This Week In Rage – 6/9/13

This Week In Rage – 6/9/13

This Week in Rage, a blog about the top three things that pissed me off this week:

 

Fame: Andy Warhol said “in the future everyone will be world famous for 15 minutes.” And for a while Andy was right.  But nowadays everyone’s 15 minutes of fame has become a 3-day weekend.  It’s never-ending now.  For the love of Christ, the fucking Octomom is still in the news.  There’s no way Andy Warhol could have predicted The Kardashians.  Imagine going back to 1968 and saying “Hey Andy, remember how you were talking about in the future everyone will be famous but only for fifteen minutes? Well there’s going to be a chick with a big ass who gets fucked by some black guy, we’re all going to watch it and then she’s going to be a billionaire.  Forever.”  He’d take the brush he was using to paint a soup can, sharpen it, and stab himself in the throat.

 

Joran Van Der Sloot’s Prison Engagement: Speaking of fame, this guy just got engaged in the joint.  Why? Because we’ve heard of him.  First off, I would love to hear a conversation with him and OJ Simpson.  I wish we could put them in a cell together and record it.  Really guys?  You couldn’t just hang it up after getting away with one murder?  Had to press your luck.  Van Der Sloot was all over Nancy Grace for 5 years, his parents bought his freedom and then he goes out and kills another chick.  If I got away with capital murder I’d never get another parking ticket again.   I wouldn’t even jaywalk or run my beloved red turn arrows.

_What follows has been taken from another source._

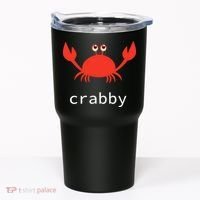 I'm Feeling A Little Crabby Funny Cartoon Crab Tumbler thumb 0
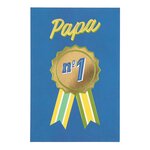Carte Fête Des Pères - Médaille Papa - Draeger paris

But more importantly, this is why we should kill these guys.  You’re not supposed to kill two people and then get engaged in the clink.  Prison is not supposed to be where you start a new life. It should be where it ends. Even if you disagree on the capital punishment thing can we at least agree that you shouldn’t be starting a family from the joint?  You’ll have to immediately pay child support.  Unless the kid wanted to live in the cell with you. “Hey son, those are the crips, these are the bloods, and let me introduce you to my buddies from the Aryan nation.  Can I get you some pruno?”

 

Stew and Casserole: I was thinking about the decline of this country and how everyone just spits their gum everywhere and blows snot rockets on the sidewalk or leaves boogers on top of the urinal and then it occurred to me.  You know what we’re missing?  Stew and Casserole.  Hear me out. If you had a graph charting stew and casserole consumption and America’s greatness the line of decline for both would be the same.  (By the way, “Stew and Casserole” would also make a great 80s cop show.  Ed ‘Stew’ Stewalski plays by the rules and wears a bow-tie but his partner, John ‘Casserole’ Cassorelli, is a loose cannon in a leather jacket.) I say we get back to eating some hearty stews and casseroles.  About the time we started eating wraps is when things started to take a shit in this country.   And then when smoothies came in it was all over.  All I know is this – the heroes who stormed the beaches of Normandy didn’t have a peach-guava smoothie in their belly.  So Mammas, get in that kitchen and start rattling them pots and pans.  Let’s make this country great again.